Published December 31, 2008
Twenty-five years ago, in one of its intervals of lucidity, the Norwegian Nobel Committee awarded the Nobel Peace Prize to an unemployed Polish electrician whose surname 95% of the world mispronounced. The electrician, Lech Walesa (pronounced vah-WHEN-suh, if you were wondering), was not allowed to attend the ceremony in Oslo: a churlish Polish communist government, which had only recently released Walesa from detention under martial law, refused to give Poland’s second-most-famous son a passport. His wife, Danuta, accepted the award in his name, and gave a moving speech in which her husband acknowledged the 1983 Peace Prize as a tribute to the ten million members of Solidarity, the trade union/social movement he led, which had modeled a new way of being revolutionary in the late 20th century by mounting the world’s largest peaceful resistance to the world’s worst tyranny.

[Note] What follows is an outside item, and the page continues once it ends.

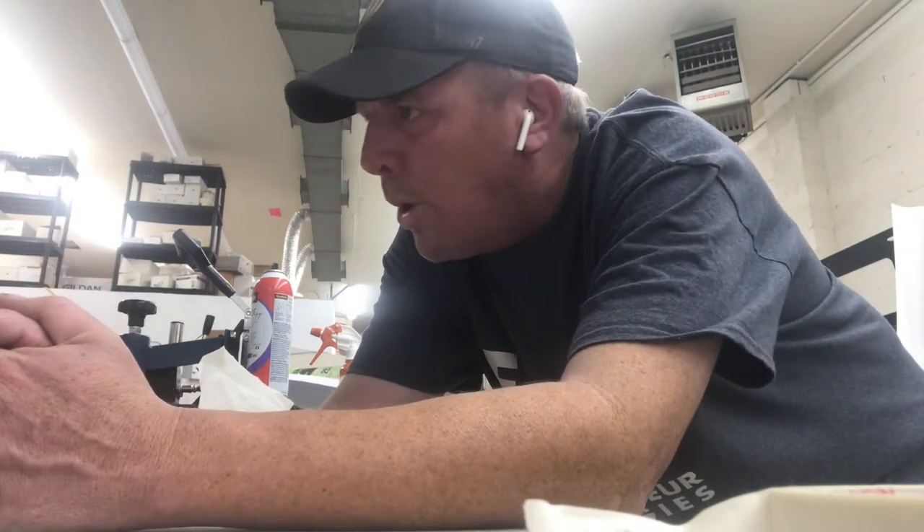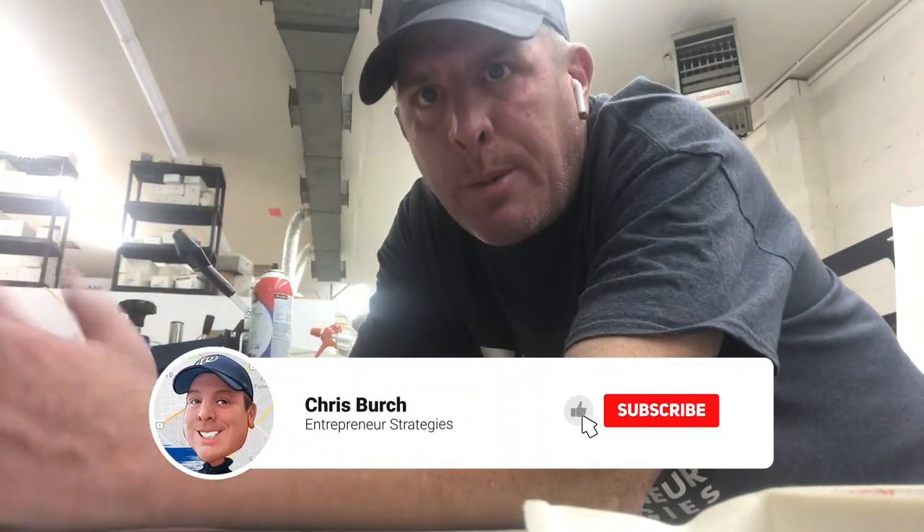And guys, if this information has brought value or kind of shown you the behind the scenes, do me a favor — give me a thumbs up, subscribe to my channel, I'd love to hear from you. I have more content coming through as we explore behind the scenes at CreateDC and PrintEquity.com. I'll see you guys soon.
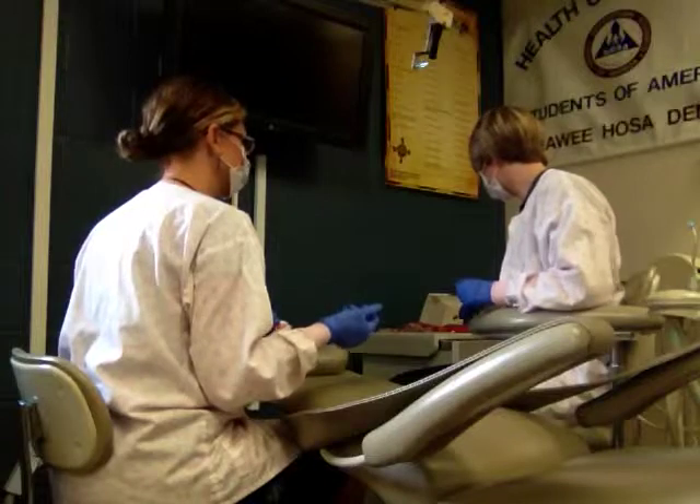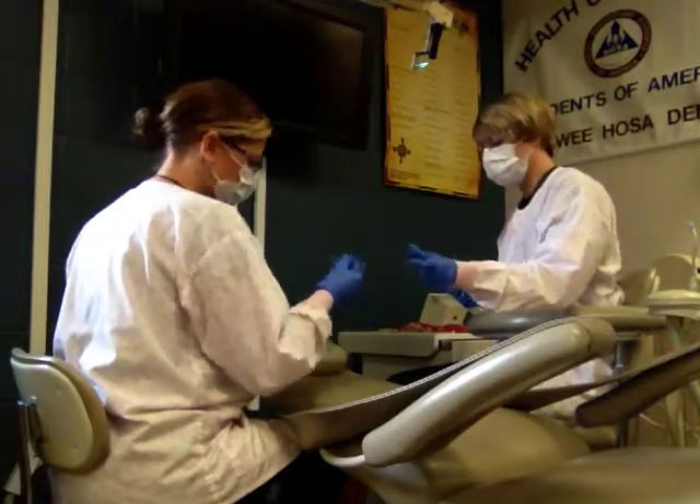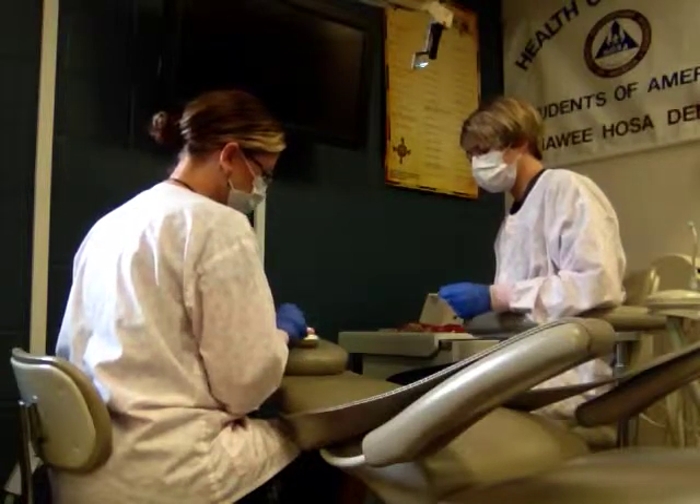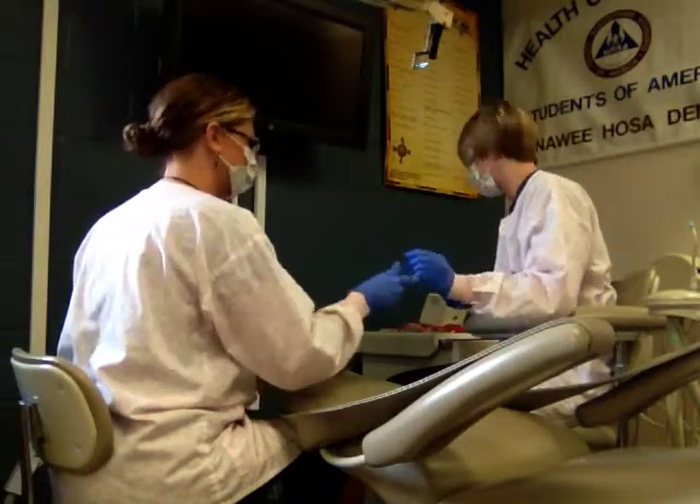Now we'll do the bonding. Place the bonding with that little blue microbrush, and then we need to light cure it, so the assistant will grab the curing light.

To mark the silver jubilee of Walesa’s Peace Prize, the European Solidarity Center — recently created by the European Union at the old Gdansk shipyards as a memorial to Solidarity, a research center, and an educational facility — and the Polish Foreign Ministry invited some two hundred young adults from forty-four countries to come to Poland and ride the “Solidarity Express”– a special train that took them from Cracow and Auschwitz to Warsaw and then to Gdansk. There, they met Lech Walesa and several other recent Nobel Peace Prize winners and discussed the future of “solidarity” as a virtue necessary for the free society. Along the way, I had the privilege of giving four lectures, to set an intellectual and moral framework for the journey. The lectures addressed the roots of 20th century totalitarianism in defective ideas about the human person; the failed resistance to totalitarianism heroically embodied by the 1943 Warsaw Ghetto Uprising and the 1944 Warsaw Uprising; the role of Pope John Paul II in igniting the Solidarity movement and inspiring the Solidarity martyr, Father Jerzy Popieluszko; and the triumph of freedom in the Revolution of 1989, which led to the “springtime of nations” that followed the fall of the Berlin Wall.

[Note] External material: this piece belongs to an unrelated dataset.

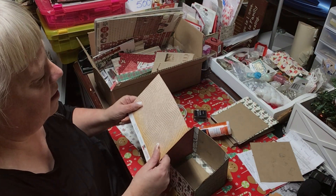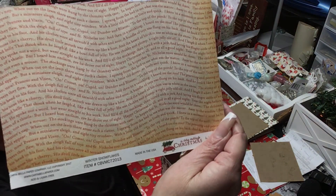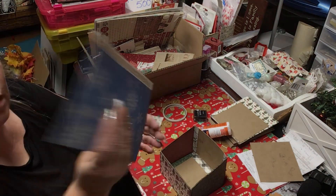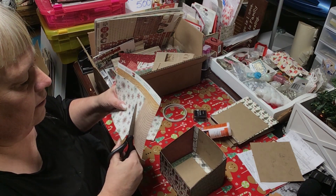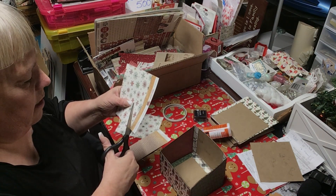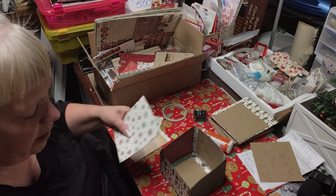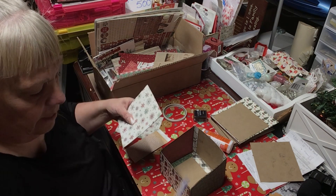This one says 'On Comet, on Cupid, on Donner and Blitzen!' Maybe we'll put that down on the bottom. We will cut this to fit because I don't like the back side of it. This came from this collection right here — you can see that.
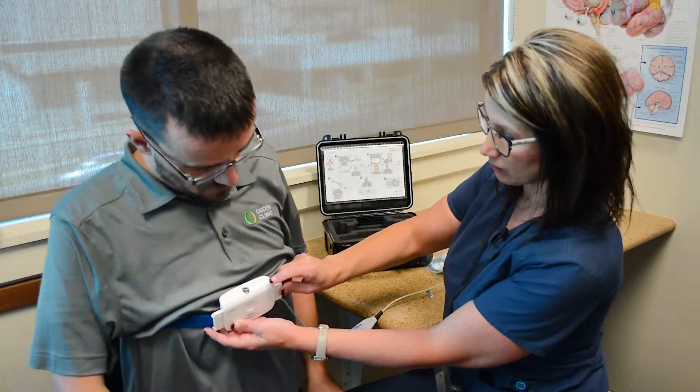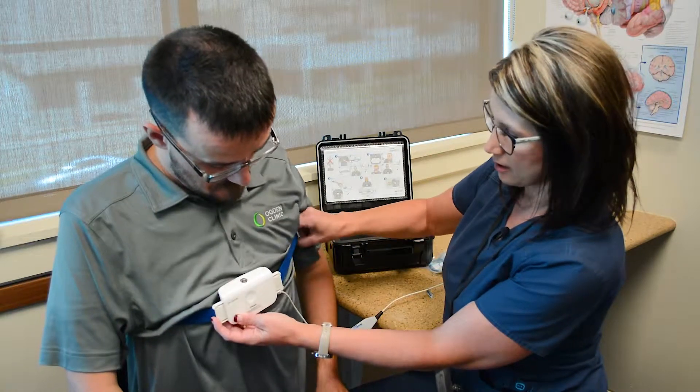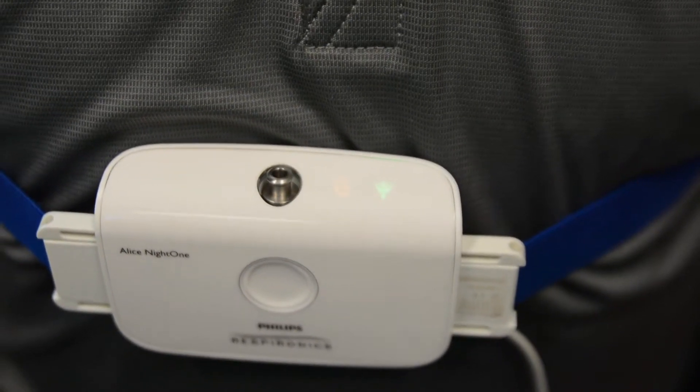We have the indicator here — we're going to wait for it to turn green, and then we move on to the next sensor. It's green now, so we're going to move on to the cannula.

The young people were fascinating and friendly, and brought a remarkable diversity of experiences to the “Solidarity Express:” the mix included Russians and Georgians, two Macedonians and a Greek, two Israelis and a Palestinian, and a Belarusian human right activist who told me of his being kicked out of his university for his pro-democracy activities. For all their diversity, however, these young people shared several characteristics: they were all addicted to cell phones, which in a few cases seemed permanently welded to their ears; they were eager to learn; they were almost completely ignorant of the history of the 1980s, the realities of communism, and the reasons for its fall; and they were deeply, if unreflectively, influenced by the post-modern cult of “your truth, my truth, but nothing called ‘the’ truth.”
I hit a few batting practice home runs when the last came up during a post-lecture Q&A period, demonstrating to one young woman that she in fact believed in moral absolutes (such as the legal equality of women and men). The problem was that, having absorbed the notion that “moral absolutes” are bad, she didn’t know how to account for the secure moral truths in which she believed quite firmly. It was also striking that Hannah Arendt’s classic analysis of Nazism and communism as two variants on the same lethal political disease (demonstrated in the three volumes of The Origins of Totalitarianism) came as news to just about everyone; the old Left lie that “Nazism = conservatism-on-steroids” is very much a part of the general culture-smog in which even the brightest young people live these days.
Along the way. I had the opportunity to explore the splendid new Museum of the Warsaw Uprising in Poland’s capital, as well as the “Roads to Freedom” exhibit mounted in Gdansk by the European Solidarity Centre. Those places, and the “three crosses” memorial at the Gdansk shipyard (which was erected at Solidarity’s insistence to honor workers killed during a 1970 strike), are a powerful reminder that freedom is never free.
Which is another lesson I hope got absorbed on the “Solidarity Express.”
–George Weigel is Distinguished Senior Fellow of the Ethics and Public Policy Center in Washington, D.C. and holds EPPC’s William E. Simon Chair in Catholic Studies.